[[ Records provided, beginning ]]

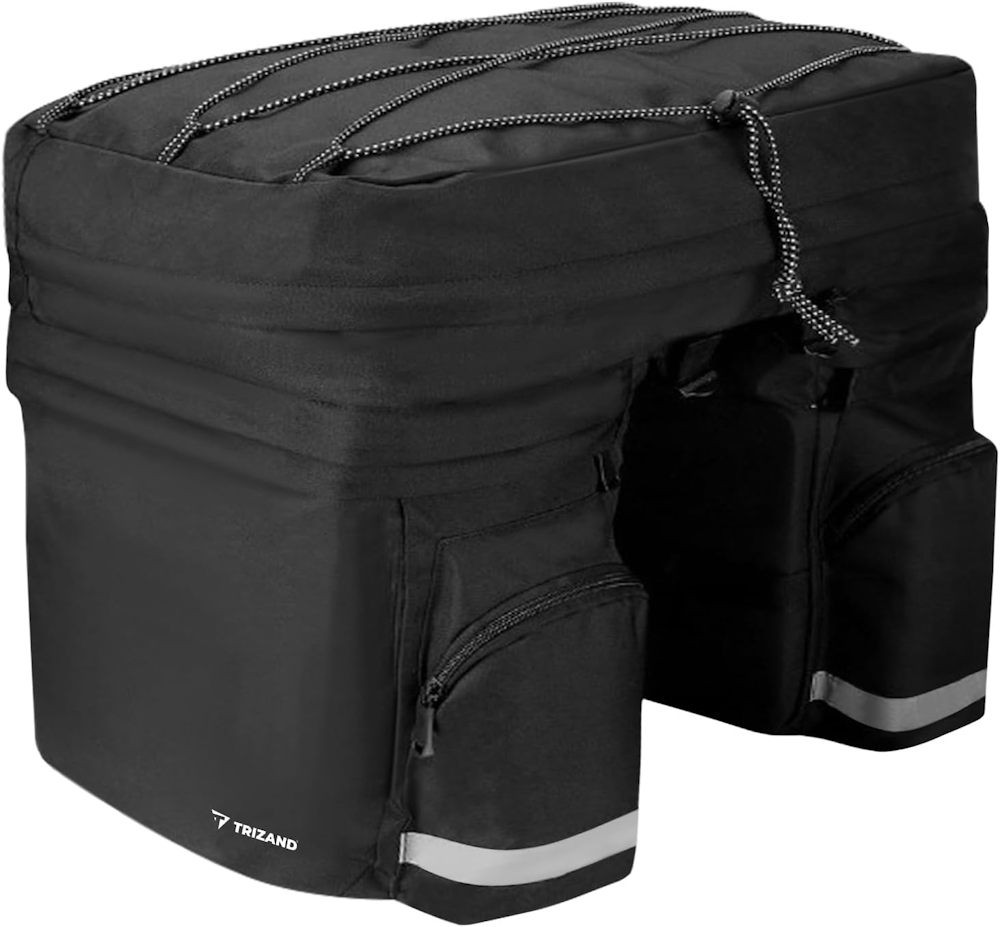 Велосумка TRIZAND 23798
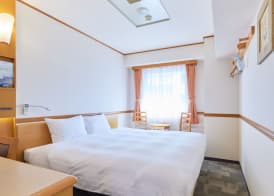 Toyoko Inn Tokyo Ueno Tawaramachi eki 4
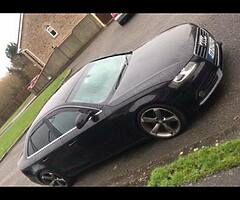 ‼️Audi A4 B8 (may swap for van)‼️ - Image 4/7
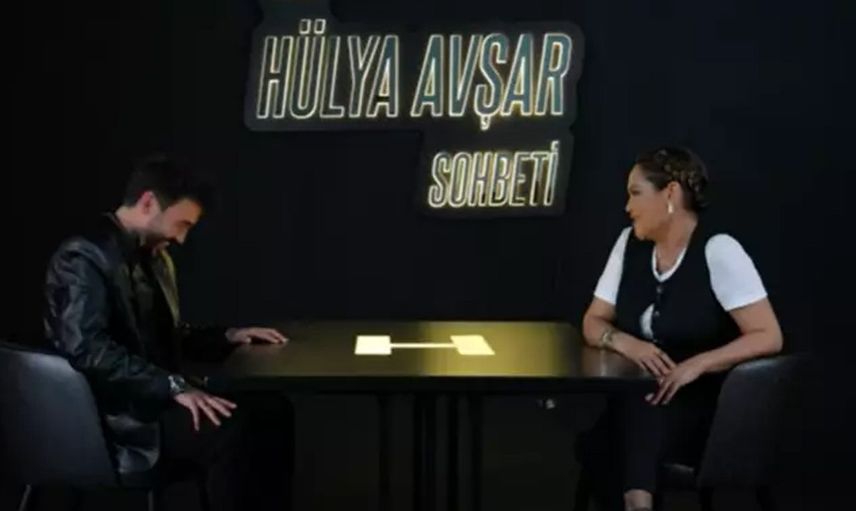 Cinsiyet değiştirmişti: Hülya Avşar Doruk Doğrusöz'e ''Biraz özel olacak ama...'' deyip sordu!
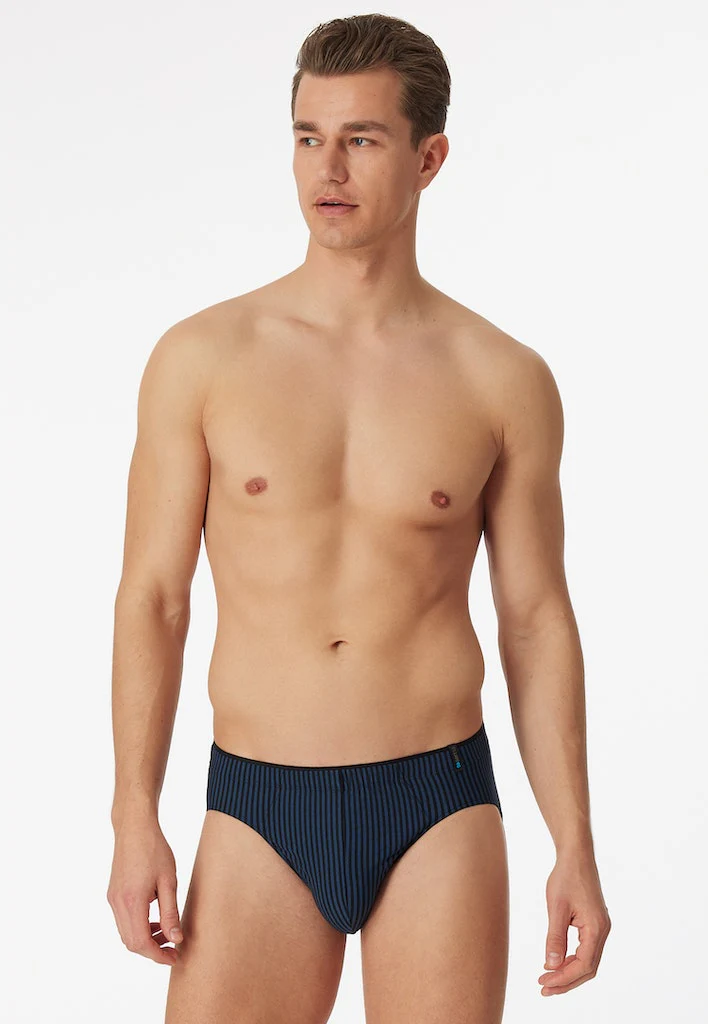 Schiesser - Long Life Soft - Supermini Briefs - Image 7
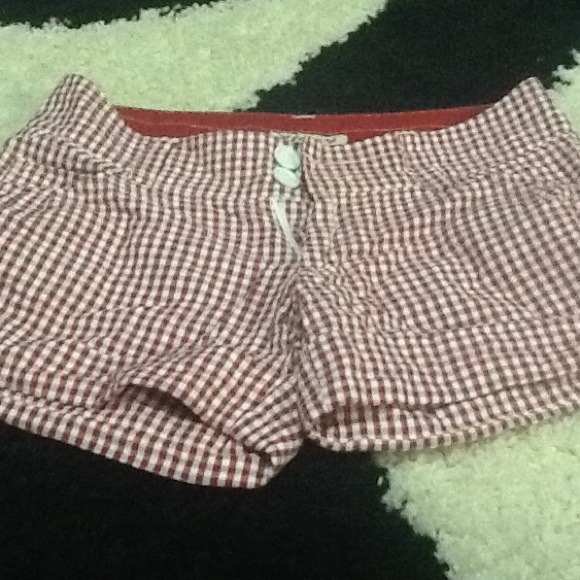 SOLD Shorts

[[ Records provided, end ]]

## How to complete this task
"Cinsiyet değiştirmişti: Hülya" marks the first line to copy; copy that line and every line after it through the last line of the listing, exactly and without pictures.

## Solution for this problem
 Cinsiyet değiştirmişti: Hülya Avşar Doruk Doğrusöz'e ''Biraz özel olacak ama...'' deyip sordu!
 Schiesser - Long Life Soft - Supermini Briefs - Image 7
 SOLD Shorts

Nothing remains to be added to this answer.